BUDAYADAERAHPERSPEKTIFSOPPENG

Cemmè Safareng: Tradisi Yg Hilang di Soppeng

×

Cemmè Safareng: Tradisi Yg Hilang di Soppeng

Sebarkan artikel ini

Oleh : H. A. Ahmad Saransi

Mandi Safar merupakan tradisi lokal yang telah lama dikenal di berbagai daerah di Indonesia, khususnya pada Rabu terakhir bulan Safar dalam penanggalan Hijriah. Di Soppeng, masyarakat menyebutnya dengan nama “Cemmè-Cemmè Safareng” atau Mandi Bulan Safar.

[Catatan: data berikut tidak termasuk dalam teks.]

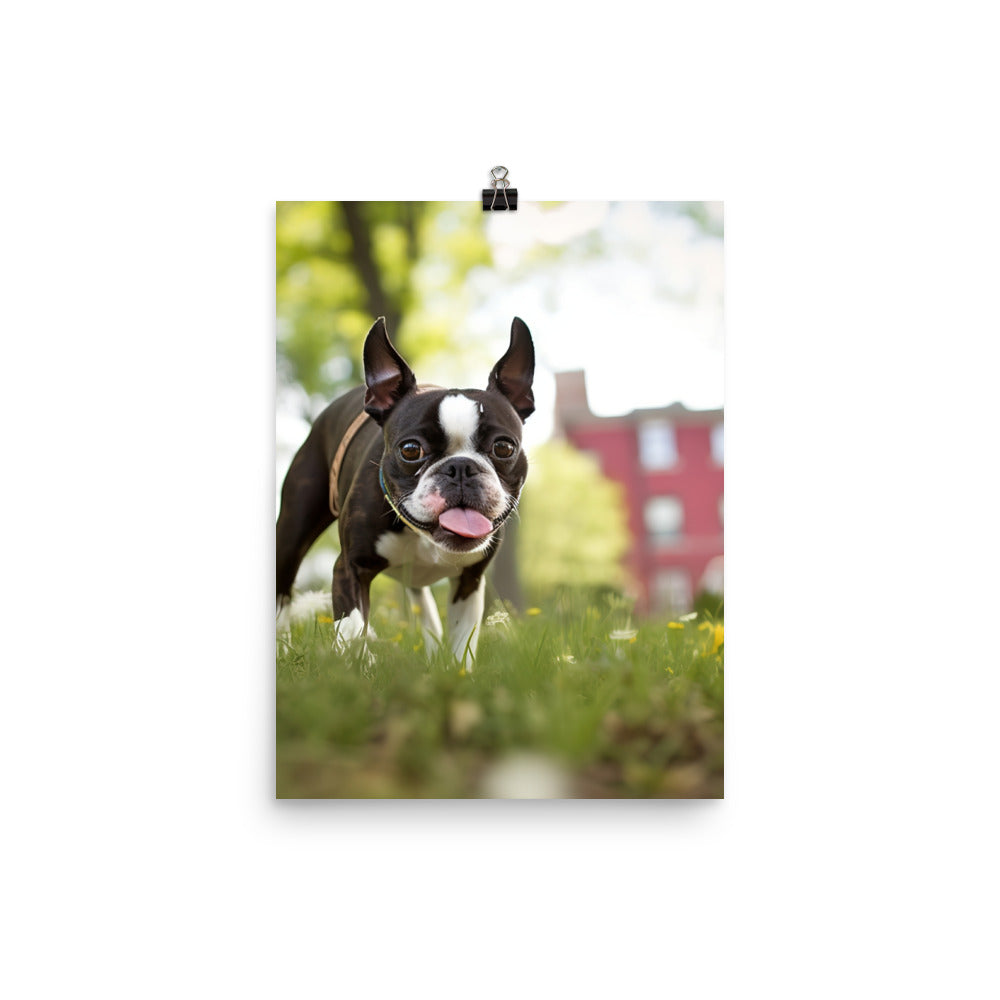 Spunky Boston Terrier in the Park Photo paper poster - PosterfyAI.com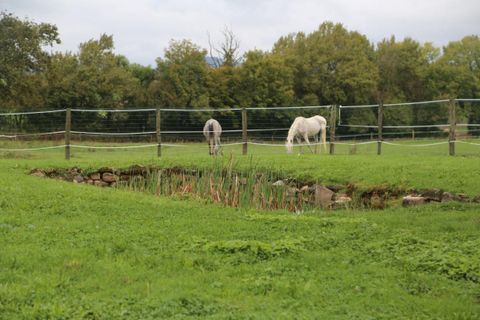 Farm hus i Charbonnat, Saone-et-Loire, Charbonnat - € 310.000 | Ref: 5751-1 - foto 26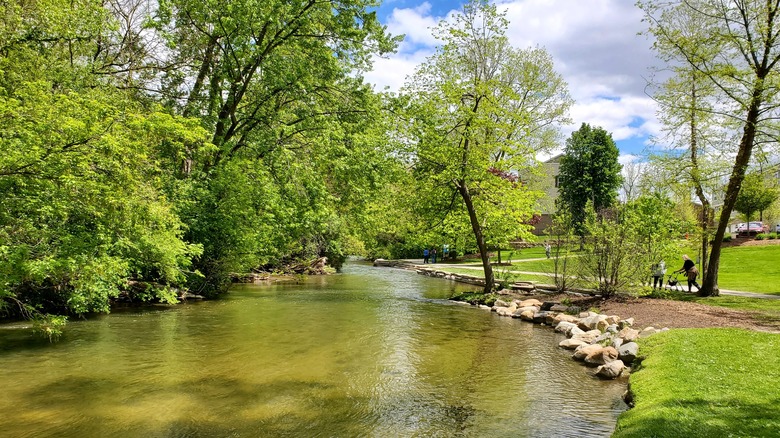 The Clinton River flowing alongside Riverside Park, with green trees on one side and the grassy park with paths on the other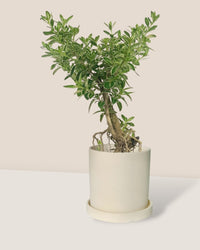 Serissa Japonica 'Snow Rose' - white flour planter - cylinder - Potted plant - Tumbleweed Plants - Online Plant Delivery Singapore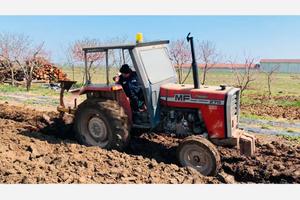 Trattore agricolo massey ferguson MF 275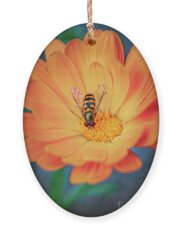 Hoverfly Holiday Ornaments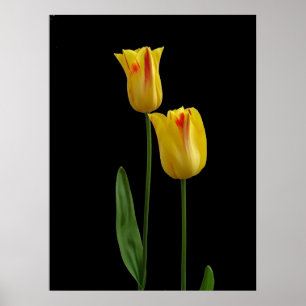 Two yellow tulips poster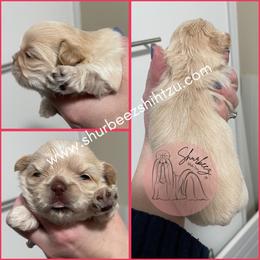 Shih Tzu Puppies from Shurbeez Shih Tzu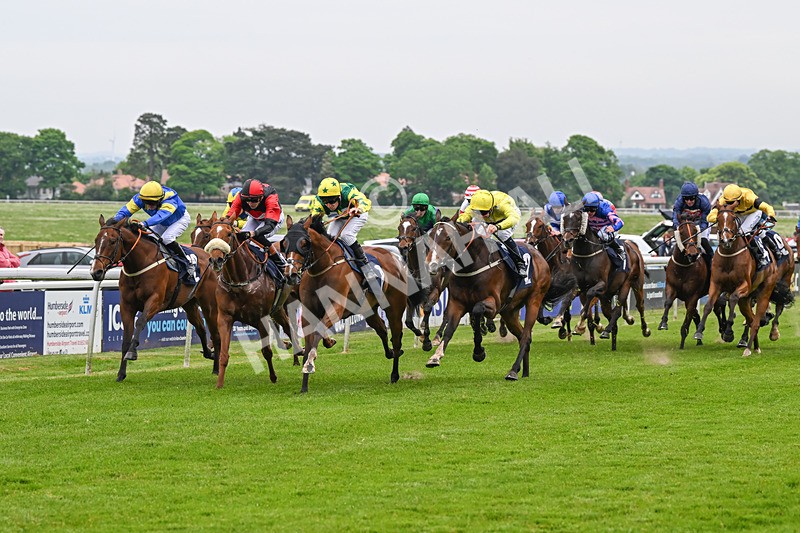 140524-Race 5-Coolree-2433 - Race 5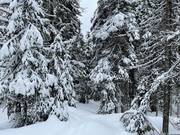 Het skigebied SilverStar wordt voorzien van veel natuursneeuw.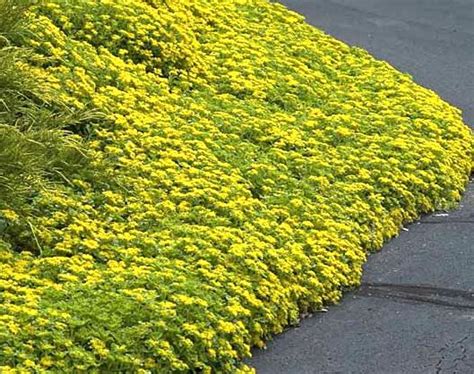 Top 11 Perennial Ground Cover Ideas for Your Yard or Garden | Ground cover plants, Perennial ...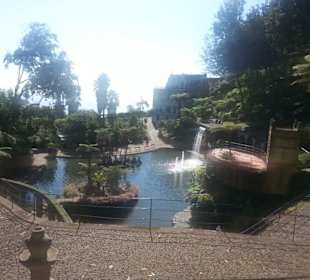 Jardim Tropical Garden Monte Palace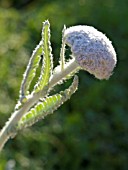 ACHILLEA CLYPEOLATA, YARROW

Namun, berbeda dengan daerah lain, tradisi di Soppeng memiliki kekhasan tersendiri karena berangkat dari sebuah ritus sakral yang dikenal dengan ungkapan:

ᨊᨕᨘᨉᨘᨂᨗ ᨔᨙᨓᨚ ᨊᨕᨚᨇᨚ ᨓᨗᨍ ᨒᨓᨚᨊ᨞

Nauddungngi Sèwo Naompo Wija Lawona.”

Secara harfiah, ungkapan tersebut bermakna “mengunjungi Gunung Sèwo dengan harapan kelak lahir keturunan yang baik.” Namun di baliknya tersimpan nilai sejarah dan filosofi yang sangat dalam.

Hulu Sungai Lawo Kabupaten Soppeng.

ᨊᨕᨘᨉᨘᨂᨗ ᨔᨙᨓᨚ Nauddungngi Sèwo menunjuk pada sebuah kampung pegunungan bernama Sewo, tempat berdirinya makam Syekh Abdul Majid Tuan Uddungeng, seorang ulama penyebar Islam di Soppeng pada abad ke 17 atau semasa pemerintahab Datu Soppeng ke 14 Beowe. Ziarah ke makam ini dimaknai sebagai bentuk penghormatan, pembersihan hati, sekaligus doa agar senantiasa mendapat tuntunan iman.

ᨊᨕᨚᨇᨚ ᨓᨗᨍ ᨒᨓᨚᨊ᨞

Naompo Wija Lawona adalah harapan luhur masyarakat agar anak keturunan mereka kelak tumbuh menjadi pribadi yang baik, membawa nama harum keluarga, serta bermanfaat bagi sesama.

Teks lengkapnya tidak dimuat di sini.